In the ‘20s, Ameen Farah and his contemporaries started the New Syria Party. Like the organization before it, their goal was to support the end of colonialism in and around Syria. After the Great Depression, they founded the Arab National League in 1936.

The ANL held four annual conventions. In 1939, it was held at the Durant Hotel in Flint.

Aside from being politically active and serving in World War I, Bawardi said those early Arab Americans also had their own newspapers and magazines that added to their culture.

“They came to the United States as children in the 19-teens, and they kept writing,” Bawardi said, efforts that led to “a rediscovery of who they are as a people, and they wrote from an American space.”

Still, he said, Arab Americans struggled to carve out an identity for themselves in America, which was partially due to there just not being many of them.

“We lag far behind Italians and Jews and Poles,” he said. “There’s a lot of writing about them. …We have none of that, for the most part.”

Aside from the restrictive immigration laws, Bawardi said another reason was that the Arab Americans spoke primarily Arabic, “a very difficult language and inaccessible to westerners.”

George Joubran, program assistant at the Flint Arab American Heritage Council, said he agrees that when many people talk about the beginning of the Arab American culture, they talk about the 1970s, but added that he and others in the Flint area are aware of their own history.

He referred to a book by Tony Mansour titled “Our Pioneers,” which looks at some of those early Arab American families in Flint such as the Hamadys, Maksouds, Josephs, Shaheens and Brackets.

Generally speaking, though, he said there isn’t a widespread awareness of those early generations.

“Most of them just came here to work, to make some money and go back to the home country, but a lot of them just stayed here. …I don’t think they really recognize the Arab Americans that came here for the industrial revolution,” he said. “If they came here in the ‘60s they don’t talk about the families that came here in the ‘20s.”

Thomas Henthorn is a University of Michigan-Flint professor and is also on the board at Sloan Museum.

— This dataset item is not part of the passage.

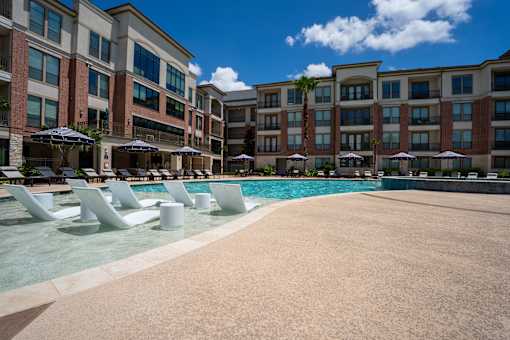 Lounge chairs by the pool at Imperial Lofts, Sugar Land, 77498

He’s working on a year-long project looking at the different histories Flint has beyond just the automotive story most people associate with the city.

He said he was always aware of the Arab American presence in the area, especially particular families that started well-known businesses, like the Hamady grocery store, but that he wasn’t aware of the extent of it until he became familiar with Bawardi’s work.

He said the original idea was to bring Bawardi in for a talk but that the more they talked about the idea, the more it seemed like a chance to turn it into an exhibit.

“I think this is an example of all the different fascinating histories in Flint that need to be told,” he said.